Report the mean copper level for only test sites in the North region.
mean(flint$Cu[flint$Region == "North"])
## [1] 44.6424
Report the mean copper level for only test sites with dangerous lead levels (at least 15 PPB).
mean(flint$Cu[flint$Pb >= 15])
## [1] 305.8333
Report the mean lead and copper levels.
mean(flint$Cu)
## [1] 54.58102
mean(flint$Pb)
## [1] 3.383272
Create a box plot with a good title for the lead levels.
boxplot(flint$Pb, xlab = "Lead levels", main = "Lead level boxplot")
Based on what you see in part (f), does the mean seem to be a good measure of center for the data?
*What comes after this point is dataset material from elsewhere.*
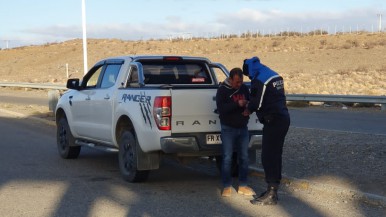 En control de tránsito, detectaron siete conductores en estado de ebriedad en Río Gallegos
Report a more useful statistic for this data.
The mean is not a good measure of center for the data, since the data is right-skewed. The median is a better measure of center.
median(flint$Pb)
## [1] 0
Construct a scatterplot of Life against Income. Note: Income should be on the horizontal axis. How does income appear to affect life expectancy?
life <- read.table("http://www.stat.ucla.edu/~nchristo/statistics12/countries_life.txt", header = TRUE)
plot(y = life$Life, x = life$Income, xlab = "Income", ylab = "Life Expectancy")
Life expectancy increases as income increases.
Construct the boxplot and histogram of Income. Are there any outliers?
hist(life$Income, xlab = "Income", main = "Life Expectancies vs. per Capita Income")
boxplot(life$Income, xlab = "Income", main = "Life Expectancies vs. per Capita Income")
Yes, there are several outliers.
Split the data set into two parts: One for which the Income is strictly below $1000, and one for which the Income is at least $1000. Come up with your own names for these two objects.
below1000 = life[life$Income < 1000,]
above1000 = life[life$Income > 1000,]
Use the data for which the Income is below $1000. Plot Life against Income and compute the correlation coefficient. Hint: use the function cor()
plot(below1000$Life~below1000$Income, xlab = "Income", ylab = "Life Expectancy")
cor(x = below1000$Life, y = below1000$Income)
## [1] 0.752886
Compute the summary statistics for lead and zinc using the summary() function.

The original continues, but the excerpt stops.